About the alternatives: I don't know if rescript is in the container, but if it is not and container has been built using the instructions here Installing QIIME 2 using Docker — QIIME 2 2023.2.0 documentation, it means that it is not equipped, is it correct?
Quite a pity, as modifying it in the container is a mess from my experience, and running it local doesn't seem very comfortable...

About the reason I am trying to do this, it is that I am trying to compare some results with Silva 132, and Silva 138. I want to see what is different. Reading you last lines I unfortunately reach the conclusion that it would be better to scale down to older versions of :qiime2: to use Silva 132 at this point, am I correct?

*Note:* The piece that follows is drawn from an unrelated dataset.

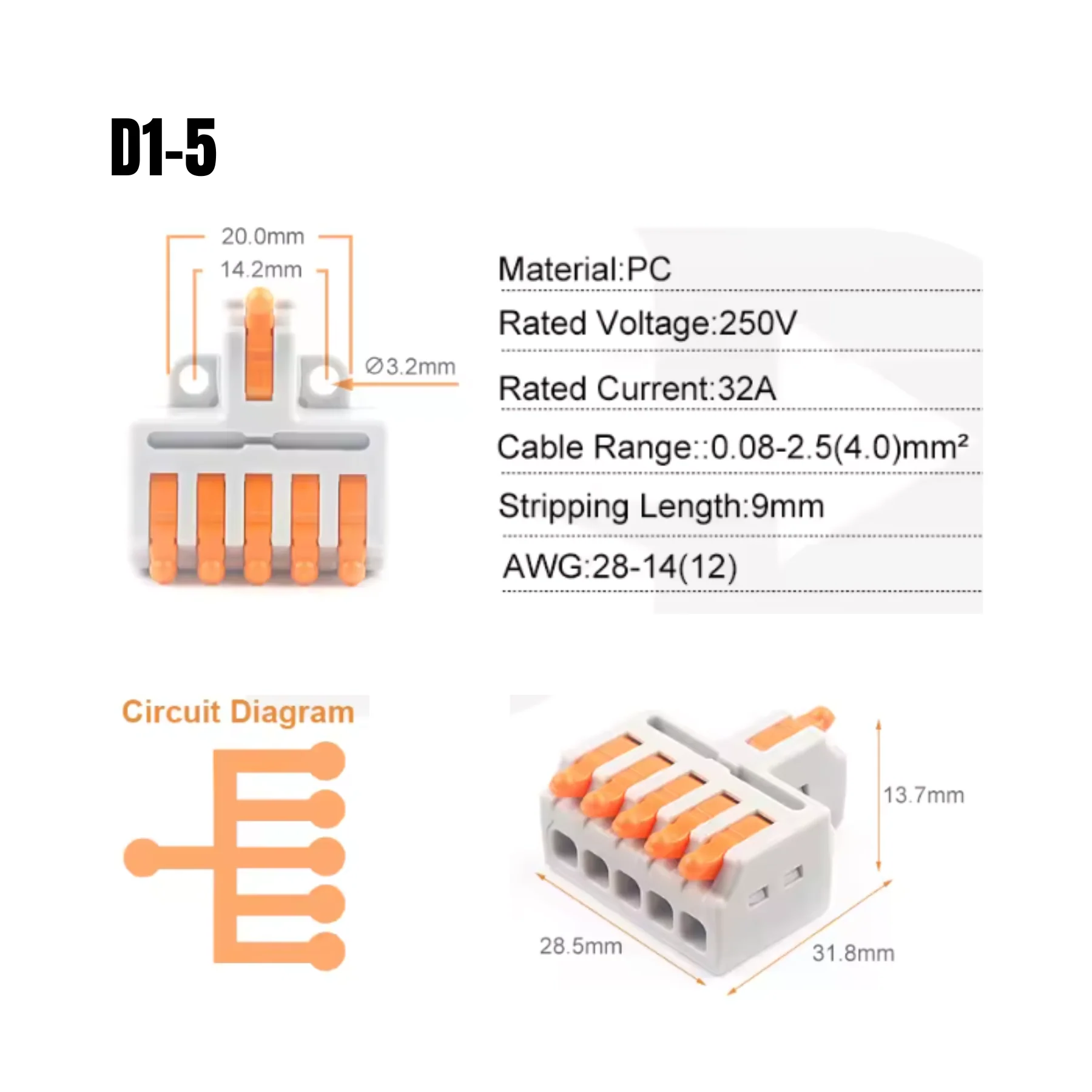 Pack de Clemas eléctricas de empuje para cables - Image 4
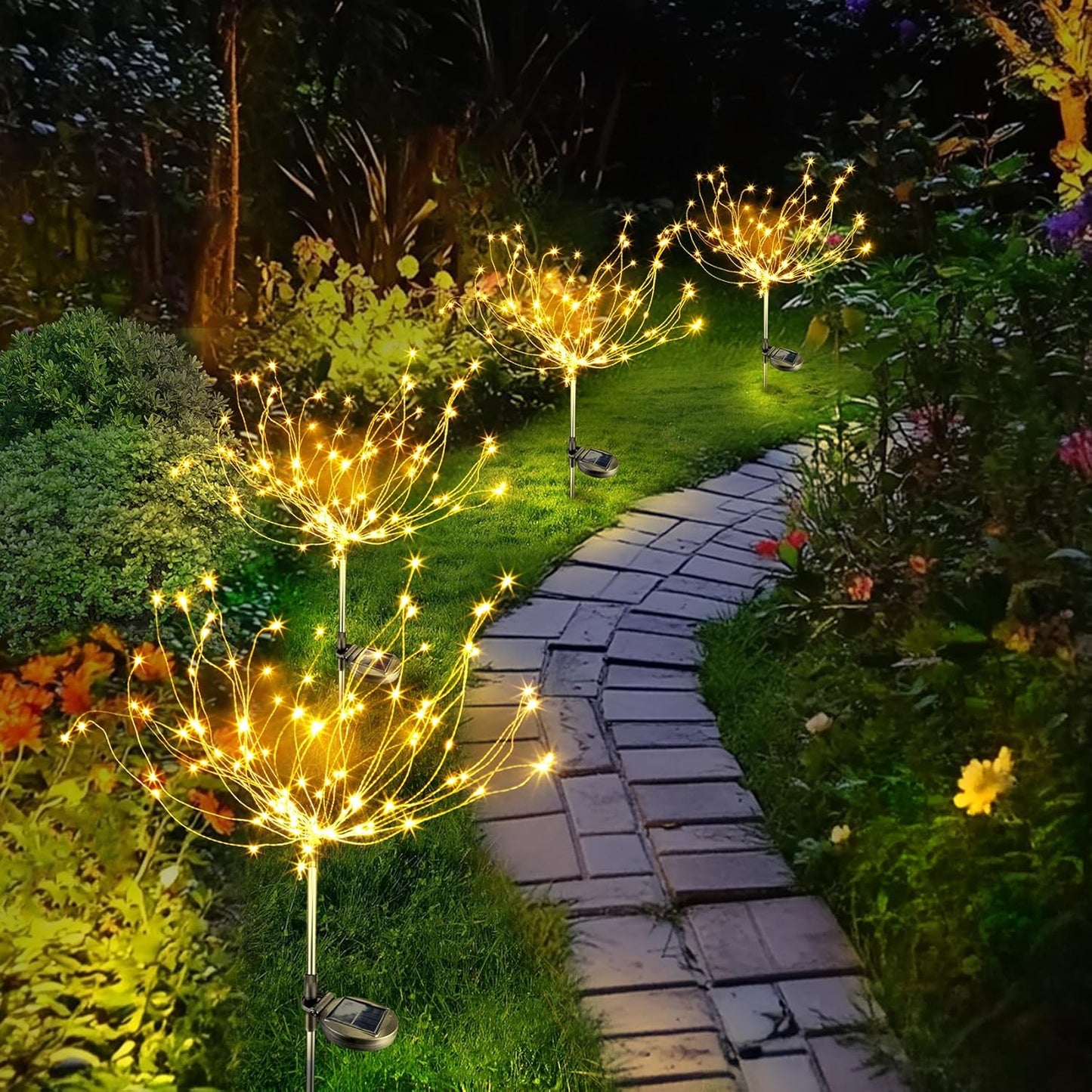 Fireworks Solar Lights Garden Light - 120 LED DIY Starburst Stakes | IP65 Waterproof Solar Garden Art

Thanks for the great support

Nicholas_Bokulich · May 2, 2023, 9:11am

Hi @AstroBioJack

Right. RESCRIPt is not part of the "core distribution" at the moment, so needs to be installed separately.

RESCRIPt/get-silva-data should not be too space or RAM hungry, so it should be possible to get this running on your cluster once you sort out the tempdir issue OR run this locally to build the database and then upload to the cluster for the other steps (though the tempdir size issue will most likely constrain you even more with downstream steps). So I would recommend getting this sorted out to create a 132 database instead of giving up or downgrading to an older version of QIIME 2 (which would be a workable plan B).

Good luck!

AstroBioJack · May 4, 2023, 9:07am

Hi @Nicholas_Bokulich, in the end I succeeded (working with the technical assistance of my server) in making my own classifier without using RESCRIPt.
I was wondering whether I could share it somewhere, so that other researchers could find it in case of need. Of course is "made by me" but it could be better than nothing. Let me know, I would be glad to cooperate with :qiime2: community

Cheers

Nicholas_Bokulich · May 4, 2023, 10:25am

Sure, you could post it on the forum — we have a community contributions section where several users have uploaded databases/pre-trained classifiers, etc.

system · June 4, 2023, 4:25pm

This topic was automatically closed 31 days after the last reply. New replies are no longer allowed.